Initially stalled by a single trustee’s “no” vote, the Madison Township trustees are now moving ahead with financing for the township’s third fire station after a simple majority vote of the trustees.

The action came in response to a vote at the March 2 trustees’ meeting, where the trustees voted 2-1 to authorize Fiscal Officer Laurie Vermeer to pursue financing of construction notes for the $3.6 million fire station (to be located on Noe-Bixby Road), which was approved by voters in 2015. However, a unanimous decision was required in order to proceed. Trustee John Kershner was the lone dissenting vote on March 2, with Victor Paini and Ed Dildine voting for the motion.

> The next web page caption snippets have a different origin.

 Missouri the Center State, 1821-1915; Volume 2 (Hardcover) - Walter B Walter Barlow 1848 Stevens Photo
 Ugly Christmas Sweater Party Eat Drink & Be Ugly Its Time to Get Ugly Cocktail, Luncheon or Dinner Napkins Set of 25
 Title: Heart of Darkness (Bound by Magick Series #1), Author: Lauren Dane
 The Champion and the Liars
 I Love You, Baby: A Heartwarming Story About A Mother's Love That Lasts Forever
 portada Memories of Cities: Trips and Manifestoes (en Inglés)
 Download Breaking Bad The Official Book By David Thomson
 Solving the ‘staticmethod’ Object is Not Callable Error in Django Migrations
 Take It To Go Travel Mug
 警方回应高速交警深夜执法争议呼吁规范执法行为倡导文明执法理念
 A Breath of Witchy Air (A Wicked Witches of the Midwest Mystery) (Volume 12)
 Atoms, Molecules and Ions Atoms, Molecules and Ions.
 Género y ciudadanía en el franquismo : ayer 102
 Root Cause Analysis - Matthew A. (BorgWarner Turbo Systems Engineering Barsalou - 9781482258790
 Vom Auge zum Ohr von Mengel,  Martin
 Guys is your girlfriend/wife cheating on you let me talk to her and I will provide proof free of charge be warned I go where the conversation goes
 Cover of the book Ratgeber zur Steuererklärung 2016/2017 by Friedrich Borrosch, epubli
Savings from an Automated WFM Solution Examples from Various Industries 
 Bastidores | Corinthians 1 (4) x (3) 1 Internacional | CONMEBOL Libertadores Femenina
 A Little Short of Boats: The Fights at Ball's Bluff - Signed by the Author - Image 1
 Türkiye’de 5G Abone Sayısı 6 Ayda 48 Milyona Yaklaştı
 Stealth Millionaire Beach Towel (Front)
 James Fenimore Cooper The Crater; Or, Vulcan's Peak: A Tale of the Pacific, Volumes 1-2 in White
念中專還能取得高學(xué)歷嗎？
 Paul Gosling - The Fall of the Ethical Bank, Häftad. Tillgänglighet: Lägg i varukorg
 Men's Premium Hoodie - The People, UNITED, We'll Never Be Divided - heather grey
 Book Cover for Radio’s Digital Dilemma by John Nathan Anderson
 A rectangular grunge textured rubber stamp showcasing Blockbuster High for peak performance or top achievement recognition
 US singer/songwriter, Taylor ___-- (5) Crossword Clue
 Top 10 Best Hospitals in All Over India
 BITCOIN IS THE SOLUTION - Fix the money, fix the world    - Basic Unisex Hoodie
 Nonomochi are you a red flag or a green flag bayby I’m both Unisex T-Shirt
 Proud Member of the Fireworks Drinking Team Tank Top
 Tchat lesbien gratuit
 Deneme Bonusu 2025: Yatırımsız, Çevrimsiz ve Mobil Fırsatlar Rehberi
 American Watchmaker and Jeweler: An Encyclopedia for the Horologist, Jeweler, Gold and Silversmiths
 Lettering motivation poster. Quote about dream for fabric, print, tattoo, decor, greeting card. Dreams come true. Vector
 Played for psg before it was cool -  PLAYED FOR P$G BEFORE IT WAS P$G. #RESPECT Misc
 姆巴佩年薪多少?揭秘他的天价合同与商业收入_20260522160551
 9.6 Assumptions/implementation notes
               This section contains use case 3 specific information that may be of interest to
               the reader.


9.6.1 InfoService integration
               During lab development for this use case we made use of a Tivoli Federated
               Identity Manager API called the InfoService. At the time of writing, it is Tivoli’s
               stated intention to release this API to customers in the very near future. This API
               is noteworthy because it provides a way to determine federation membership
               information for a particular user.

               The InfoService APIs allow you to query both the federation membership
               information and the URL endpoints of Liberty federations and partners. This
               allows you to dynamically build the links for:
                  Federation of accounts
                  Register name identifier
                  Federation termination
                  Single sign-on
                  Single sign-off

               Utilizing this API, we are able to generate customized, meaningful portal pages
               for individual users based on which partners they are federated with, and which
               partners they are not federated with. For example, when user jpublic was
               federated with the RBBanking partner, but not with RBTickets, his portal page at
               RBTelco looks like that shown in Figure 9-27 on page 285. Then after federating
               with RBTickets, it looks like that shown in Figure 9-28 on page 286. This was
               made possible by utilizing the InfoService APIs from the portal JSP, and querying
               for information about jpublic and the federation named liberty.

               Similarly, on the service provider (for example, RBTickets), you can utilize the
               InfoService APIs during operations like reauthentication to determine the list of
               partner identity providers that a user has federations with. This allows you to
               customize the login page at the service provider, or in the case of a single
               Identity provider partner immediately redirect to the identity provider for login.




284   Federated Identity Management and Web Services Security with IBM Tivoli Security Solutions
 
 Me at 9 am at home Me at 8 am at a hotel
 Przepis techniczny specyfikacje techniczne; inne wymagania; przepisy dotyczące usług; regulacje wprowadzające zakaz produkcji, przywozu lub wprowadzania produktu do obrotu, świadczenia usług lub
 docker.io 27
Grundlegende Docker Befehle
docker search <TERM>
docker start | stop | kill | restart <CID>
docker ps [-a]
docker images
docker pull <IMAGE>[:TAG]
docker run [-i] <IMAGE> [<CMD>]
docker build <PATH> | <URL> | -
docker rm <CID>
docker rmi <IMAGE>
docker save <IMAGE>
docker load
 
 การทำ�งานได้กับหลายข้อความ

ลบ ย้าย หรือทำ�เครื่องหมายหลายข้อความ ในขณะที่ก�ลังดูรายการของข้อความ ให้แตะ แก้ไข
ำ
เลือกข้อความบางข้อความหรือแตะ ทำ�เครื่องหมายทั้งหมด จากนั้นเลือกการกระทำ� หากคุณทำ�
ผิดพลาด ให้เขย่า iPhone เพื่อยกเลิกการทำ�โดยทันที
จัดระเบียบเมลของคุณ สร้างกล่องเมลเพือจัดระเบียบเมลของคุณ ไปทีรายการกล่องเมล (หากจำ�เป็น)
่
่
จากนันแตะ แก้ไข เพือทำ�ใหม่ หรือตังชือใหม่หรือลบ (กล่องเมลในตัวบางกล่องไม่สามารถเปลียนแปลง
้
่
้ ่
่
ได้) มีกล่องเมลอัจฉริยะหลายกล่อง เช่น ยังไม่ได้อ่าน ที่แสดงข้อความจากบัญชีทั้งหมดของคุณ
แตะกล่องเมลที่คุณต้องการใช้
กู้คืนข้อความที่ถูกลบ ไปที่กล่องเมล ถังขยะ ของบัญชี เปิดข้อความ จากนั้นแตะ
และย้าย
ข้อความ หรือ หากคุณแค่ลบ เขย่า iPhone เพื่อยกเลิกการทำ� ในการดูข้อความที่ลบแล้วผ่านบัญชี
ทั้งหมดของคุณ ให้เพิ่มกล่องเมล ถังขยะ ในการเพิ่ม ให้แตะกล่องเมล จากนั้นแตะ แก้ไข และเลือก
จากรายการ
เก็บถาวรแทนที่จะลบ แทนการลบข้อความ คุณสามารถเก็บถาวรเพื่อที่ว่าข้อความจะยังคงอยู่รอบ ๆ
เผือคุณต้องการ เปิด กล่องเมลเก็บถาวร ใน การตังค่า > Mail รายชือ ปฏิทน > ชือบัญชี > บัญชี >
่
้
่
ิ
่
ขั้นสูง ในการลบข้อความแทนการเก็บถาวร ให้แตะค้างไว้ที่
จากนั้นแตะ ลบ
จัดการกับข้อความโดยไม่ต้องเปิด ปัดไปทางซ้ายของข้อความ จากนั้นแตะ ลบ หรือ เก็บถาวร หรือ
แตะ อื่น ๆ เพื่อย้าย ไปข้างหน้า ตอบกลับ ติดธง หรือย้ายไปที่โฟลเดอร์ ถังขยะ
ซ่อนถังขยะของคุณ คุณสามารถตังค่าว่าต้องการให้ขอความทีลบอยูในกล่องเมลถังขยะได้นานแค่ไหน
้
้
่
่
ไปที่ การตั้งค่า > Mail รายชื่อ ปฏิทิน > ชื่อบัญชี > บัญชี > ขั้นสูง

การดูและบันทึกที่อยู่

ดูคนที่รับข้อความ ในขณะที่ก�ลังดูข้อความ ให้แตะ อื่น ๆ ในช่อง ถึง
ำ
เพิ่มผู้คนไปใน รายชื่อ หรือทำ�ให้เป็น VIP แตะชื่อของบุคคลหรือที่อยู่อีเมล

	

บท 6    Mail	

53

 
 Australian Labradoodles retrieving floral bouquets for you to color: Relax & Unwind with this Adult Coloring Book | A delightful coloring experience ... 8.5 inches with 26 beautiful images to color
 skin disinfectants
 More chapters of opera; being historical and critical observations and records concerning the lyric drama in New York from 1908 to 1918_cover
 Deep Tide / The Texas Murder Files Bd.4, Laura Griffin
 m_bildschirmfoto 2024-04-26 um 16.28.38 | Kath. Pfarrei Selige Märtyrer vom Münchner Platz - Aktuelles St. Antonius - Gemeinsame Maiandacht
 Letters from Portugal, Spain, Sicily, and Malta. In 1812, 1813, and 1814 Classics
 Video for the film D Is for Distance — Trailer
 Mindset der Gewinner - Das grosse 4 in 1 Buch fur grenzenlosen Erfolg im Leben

The township’s legal team was asked to explore all options for resolutions regarding the project and moving forward with financing.

While the resolution presented on March 2 required a unanimous decision, the township also had the option—under the same terms—for an Ohio Revised Code approved alternative that only requires a simple majority or for the Franklin County prosecutor to grant authorization.
On March 22, the trustees voted 2-1 to move forward with securing the financing for the new fire station. Paini and Dildine voted in favor and Kershner opposed.

However, when the bid package is completed, and before it is sent out for bids, it first must be signed off by the Franklin County prosecutor.

“I am surprised that, after public input and viewing photos of Bloom Township’s fire station with three bays and with housing for a full crew, that the Madison Township trustees would attempt to move forward with building a two bay fire station at three times the cost of Bloom Township’s station,” said Kershner in an interview on March 23.

During the trustees’ March 22 meeting, Kershner said, “It is not my goal to stop the construction. I have concerns with the guaranteed maximum price, where we’re at and I don’t want to write a blank check. I think it’s worth it to slow down and see if we are getting the best station for our money.”

Kershner said he is concerned with a per-square-foot cost of more than $300 and the 11,000 square foot size of the structure.

Initially, the building would house two bays, living quarters and support space. Alternates for the design include the potential for a third bay. The structure is designed to fit in with the aesthetics of the surrounding neighborhood.

Township residents expressed their disappointment with the lack of progress and the flurry of rumors surfacing throughout the community about the project.

“I know Mr. Kershner is talking a lot about costs savings,” said resident Gary McDonald, who questioned the frugality of not building for expansion now at a lower cost in lieu of waiting and paying a higher cost for the same expansion in the future. “We’re excited. The board should be excited about meeting the needs of the community. If it’s cheaper to add on the expansion now, you should do it now.”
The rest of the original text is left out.